A associação delimitou na proposta um projeto piloto, com 44 campos responsáveis, hoje, pela produção de 17 mil barris/dia – menos de 1,8 mil barris/dia em média, atualmente no portfólio da Petrobras.

“Como investidor, acredito que existe interesse muito grande em um lote dessa natureza, a partir de 10 mil barris e ouso dizer que a forma como a Petrobras vem gerindo esses campos, deixa o negócio ainda mais atraente”, avalia o presidente da ABPIP, Marcelo Magalhíes, que também é CEO da PetroRecôncavo.

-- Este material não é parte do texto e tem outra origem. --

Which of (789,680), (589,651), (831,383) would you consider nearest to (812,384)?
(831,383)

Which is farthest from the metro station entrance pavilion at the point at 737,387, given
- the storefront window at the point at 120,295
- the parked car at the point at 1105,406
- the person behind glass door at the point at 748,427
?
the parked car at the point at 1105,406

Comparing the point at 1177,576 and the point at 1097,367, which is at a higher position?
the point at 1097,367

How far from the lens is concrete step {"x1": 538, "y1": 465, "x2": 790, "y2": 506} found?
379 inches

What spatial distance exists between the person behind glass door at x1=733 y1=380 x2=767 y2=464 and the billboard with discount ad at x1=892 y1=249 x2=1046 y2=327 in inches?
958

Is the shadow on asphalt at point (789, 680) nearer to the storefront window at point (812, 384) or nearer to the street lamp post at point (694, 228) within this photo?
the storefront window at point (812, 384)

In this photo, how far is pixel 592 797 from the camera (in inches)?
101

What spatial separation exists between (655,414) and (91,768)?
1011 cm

As taxas de variação da produção operada pela Petrobras registram um declínio de 1,21%, enquanto campos operados por empresas independentes registram uma alta de 6,74% ao ano, considerando a taxa composta anual de crescimento (CAGR). Considerando esses dados, o estudo da ABPIP conclui que a Bacia do Recôncavo poderia estar produzindo mais de 70 mil barris/dia.

O modelo do leilão proposto inclui a concorrência não só pelo valor a ser pago para a Petrobras pelo pacote de campos (análogo ao bônus de assinatura), mas também um compromisso de investimento. É similar ao que a ANP pretende para a rodada de campos marginais de dezembro.

“É uma proposta para salvar a atividade (petrolífera) na região. Se não for a melhor, tudo bem. Mas quel é então?”, questiona o secretário Executivo da ABPIP, Anabal Santos.

Receita em queda na Bahia

O presidente da ABPIP conta que o trabalho foi motivado por uma provocação do governo da Bahia, atualmente liderado pelo petista Rui Costa, que sucedeu este ano, Jacques Wagner, ambos do PT. “Sou daqueles que acha que a Bacia do Recôncavo pode produzir 100 mil barris/dia”, afirma Marcelo Magalhíes.

As receitas do estado com produção de petróleo despencaram este ano, com a queda no preço do Brent. Até junho, os estado da Bahia recebeu R$ 14,643 milhões em royalties e as prefeituras de área produtoras, R$ 13,793 milhões. A receita caiu cerca de 36%, em comparação com ano passado, quando era da ordem de R$ 22 milhões.

“Acreditamos que é uma situação ganha-ganha-ganha: a Petrobras faz caixa e foca em ativos prioritários, as empresas têm reservas para investir e as cidades, aumento de receita com a produção”, resumiu Marcelo. A participação da ANP ainda seria um facilitador para garantir compromissos de investimento e a tranferência da operação.

O estudo será apresentado em Salvador, em um encontro de investidores em outubro e a ABPIP quer levar a discussão para outros estados com bacia maduras: Espírito Santo, Sergipe, Alagoas e Rio Grande do Norte (Bacia Potiguar).